Investors in contracts for difference (CfDs) are facing steep rises in the costs of taking out the controversial derivatives as the markets swing wildly, and they could face another round of cost hikes if conditions become worse.

Market participants fear more firms could follow MF Global, which lifted margin requirements to 90 per cent earlier this year, well above the usual rate of up to 25 per cent. Others predict some smaller companies could collapse altogether.

Contracts for difference are a way of benefiting from share price movements without owning the stock, and are used largely by hedge funds. An investor can gain access to thousands of shares, paying as little as 5 per cent of the underlying value as collateral. This investment is known as the margin.

Joshua Raymond, market strategist at City Index, a firm that offers CfD trading, said: "Margins have gone up across a lot of the industry. It is a sign that the markets are more volatile."

Earlier this month, the Financial Services Authority announced investors will have to disclose CfD holdings of above 3 per cent in a company, to avoid stealthy stake building in the previously unregulated areas.

A spokeswoman for TD Waterhouse, which offers CfD products to retail investors, said there had been a general move upwards this year, from the minimum requirements of 5 per cent.

Companies demand more margin when the markets are at their most volatile to protect against the risk of margin calls and default.

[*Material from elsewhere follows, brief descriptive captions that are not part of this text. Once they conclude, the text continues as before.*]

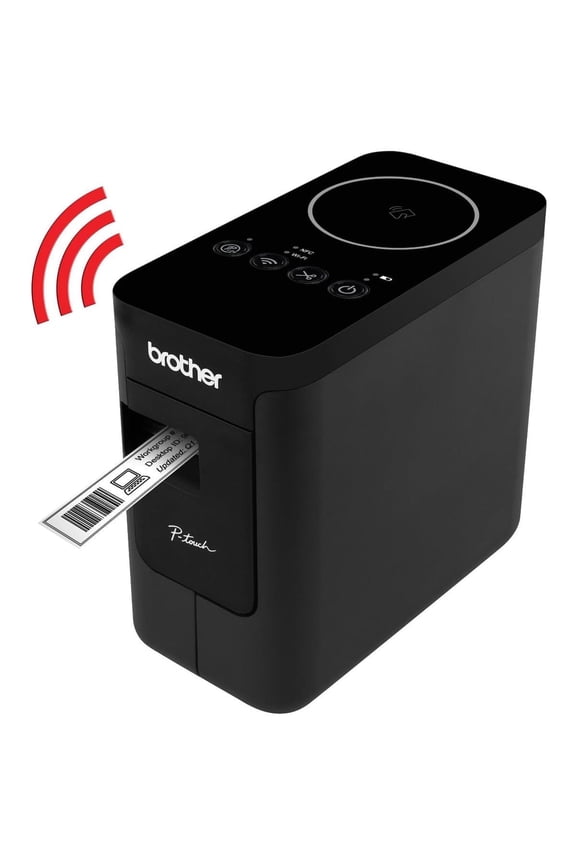 PT-P750W Compact Label Maker with Wireless Enabled Printing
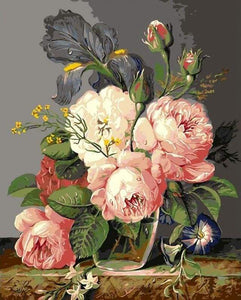 Dipingere con i numeri - Bouquet Di Fiori Selvatici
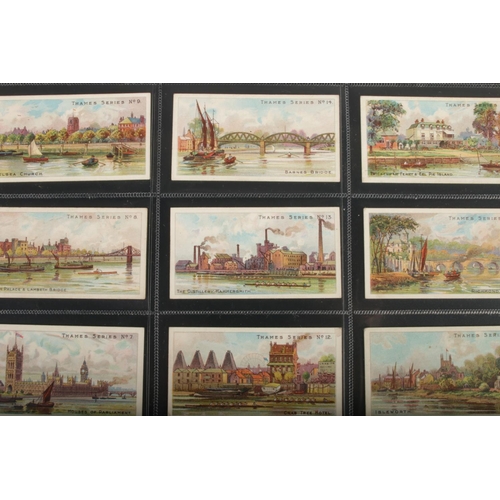 419 - Taddy's cigarette cards, complete set 25/25 Thames Series.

A spokesman for IG Index, another CfD provider said the last major hike in margin levels occurred in January after a sell-off in the markets. He added that while IG hadn't yet carried out further hikes, "we could be heading that way if the markets carry on as they are."

Most companies give at least three working days to hike margins, but as conditions worsen some will be forced to do it without warning, experts warned. This could lead to stocks being dumped on the markets as investors are unable to meet capital requirements, causing the underlying share price to swing.